Copy out exactly every line from the line containing "Tanganyika Cichlids, Tropheus" until the records below end, inclusive of both boundary lines.

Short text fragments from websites
┏━━

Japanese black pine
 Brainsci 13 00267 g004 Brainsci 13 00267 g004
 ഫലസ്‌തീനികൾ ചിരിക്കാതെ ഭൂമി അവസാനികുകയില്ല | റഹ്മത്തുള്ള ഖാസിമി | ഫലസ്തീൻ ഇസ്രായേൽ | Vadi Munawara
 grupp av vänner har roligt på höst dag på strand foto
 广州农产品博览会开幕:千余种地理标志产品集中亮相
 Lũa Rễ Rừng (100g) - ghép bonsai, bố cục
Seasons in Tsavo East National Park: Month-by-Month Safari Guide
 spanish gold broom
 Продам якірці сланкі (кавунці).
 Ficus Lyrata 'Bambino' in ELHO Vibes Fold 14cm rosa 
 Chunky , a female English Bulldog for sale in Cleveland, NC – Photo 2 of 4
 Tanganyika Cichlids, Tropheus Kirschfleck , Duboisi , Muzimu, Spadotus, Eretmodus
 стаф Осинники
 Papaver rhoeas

┗━━

*Finished task*.
 Tanganyika Cichlids, Tropheus Kirschfleck , Duboisi , Muzimu, Spadotus, Eretmodus
 стаф Осинники
 Papaver rhoeas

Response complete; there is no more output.